Published: 05 April 2017
Jessica Bass looks at recent cases in respect of discriminatory dress codes, and the potential implications for UK employers.
You would have been hard pressed to miss the headlines last year relating to a London receptionist, working for one of the big four accountancy firms, who was “sent home for not wearing heels”. The news story sparked a petition calling for the law to be changed, so women cannot be forced to wear high heels to work whether in an expressly enforced dress code or not.
The Courts have considered dress codes to be unlawful before. There was the English case of Nadia Eweida, a devout Christian who was sent home from work by British Airways in 2006 after she refused to remove a visible cross, which contravened the company’s uniform policy. In 2013, the European Court of Human Rights (“ECHR”) held that the BA policy breached UK equality legislation.
Recently, the European Court of Justice (“CJEU”) considered the cases of two Muslim women, Samira Achiba from Belgium, and Asma Bougnaoui from France.
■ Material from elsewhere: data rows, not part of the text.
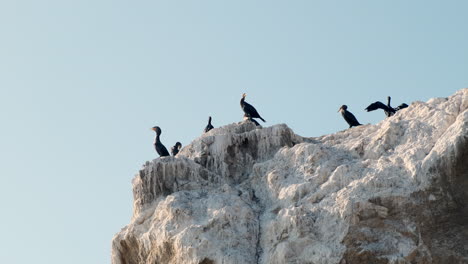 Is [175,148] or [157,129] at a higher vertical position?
[157,129]

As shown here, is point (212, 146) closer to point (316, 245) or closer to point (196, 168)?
point (196, 168)

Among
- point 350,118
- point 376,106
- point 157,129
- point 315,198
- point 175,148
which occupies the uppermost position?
point 157,129

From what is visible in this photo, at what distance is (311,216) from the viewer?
21422 millimetres

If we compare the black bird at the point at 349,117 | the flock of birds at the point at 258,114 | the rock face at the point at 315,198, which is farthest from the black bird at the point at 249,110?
the rock face at the point at 315,198

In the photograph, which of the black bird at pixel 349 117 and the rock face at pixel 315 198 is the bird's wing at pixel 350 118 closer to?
the black bird at pixel 349 117

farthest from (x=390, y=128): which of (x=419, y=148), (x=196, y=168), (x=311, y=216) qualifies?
(x=196, y=168)

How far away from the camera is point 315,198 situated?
2197cm

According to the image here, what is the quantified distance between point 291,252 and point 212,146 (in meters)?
4.81

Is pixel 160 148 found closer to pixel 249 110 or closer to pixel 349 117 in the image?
pixel 249 110

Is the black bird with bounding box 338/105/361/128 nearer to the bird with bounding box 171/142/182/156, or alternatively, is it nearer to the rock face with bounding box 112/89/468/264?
the rock face with bounding box 112/89/468/264

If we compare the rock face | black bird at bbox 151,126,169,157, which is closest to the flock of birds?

Both women were fired for wearing a headscarf, Ms Achiba from G4S, and Ms Bougnaoui from Micropole. Like Mrs Eweida, both women complained that their right to manifest their religion had been violated. Both companies accepted this but stated that their dismissals were justified. In Ms Achiba’s case, the justification given was that the company required all employees not to wear visible religious symbols. However, Micropole dismissed Ms Bougnaoui following a client’s request that there be “no veil” next time, and her subsequent refusal to remove her hijab.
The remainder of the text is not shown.